The whole listing needs retyping exactly; keep the pictures out of it.
┌─ Information supplied
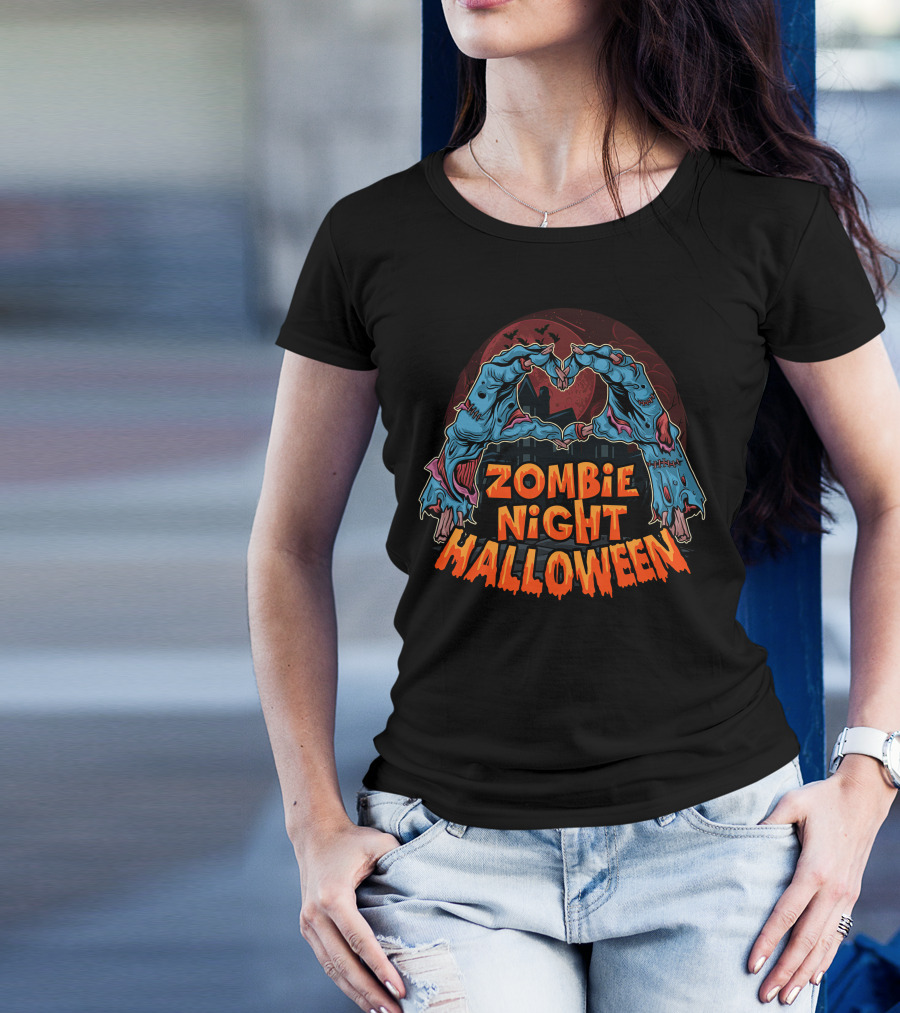 Zombie Night Halloween Undead Hands Haunted Moon T-Shirt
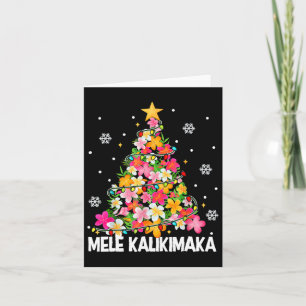 Cartão Árvore Floral de Natal Havaiana Mele Kalikimaka Tr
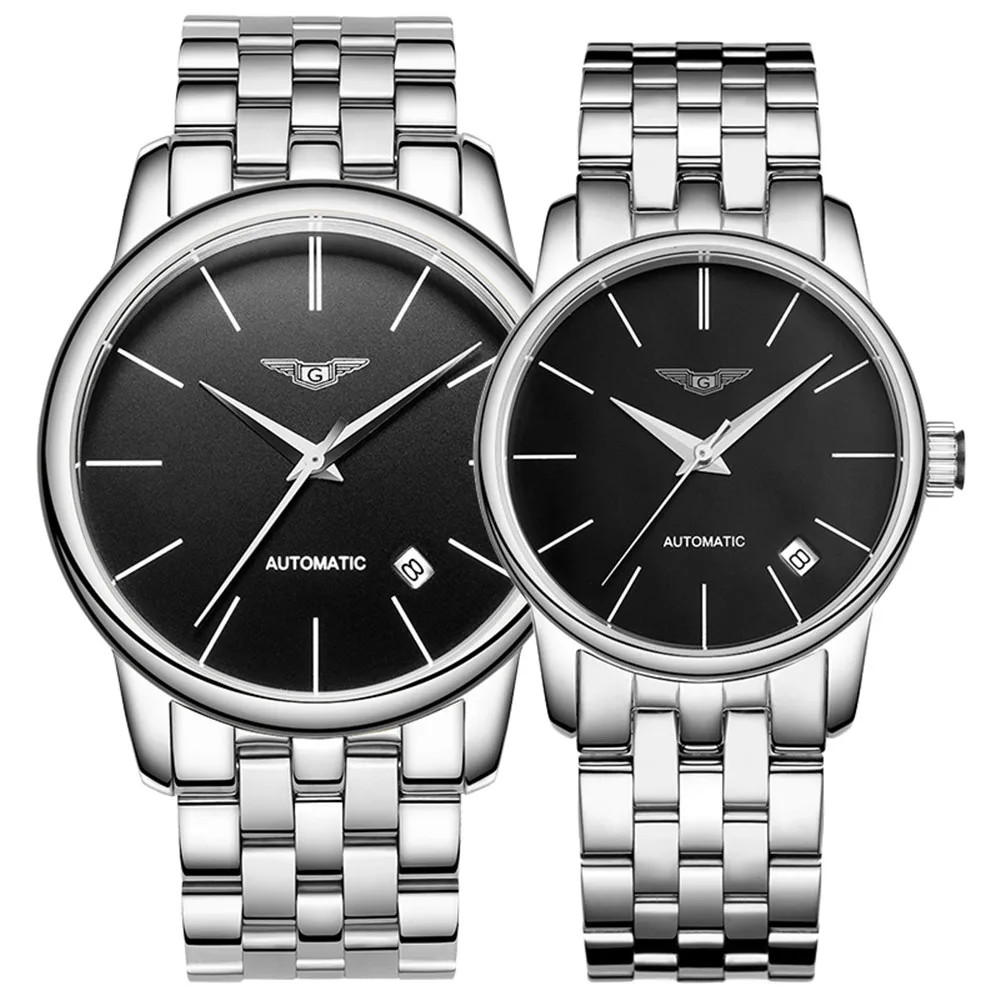 Relógio mecânico automático para casal, relógio de luxo guanqin em aço inoxidável à prova d\'água para homens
└─
* **Written answer**:
 Zombie Night Halloween Undead Hands Haunted Moon T-Shirt
 Cartão Árvore Floral de Natal Havaiana Mele Kalikimaka Tr
 Relógio mecânico automático para casal, relógio de luxo guanqin em aço inoxidável à prova d\'água para homens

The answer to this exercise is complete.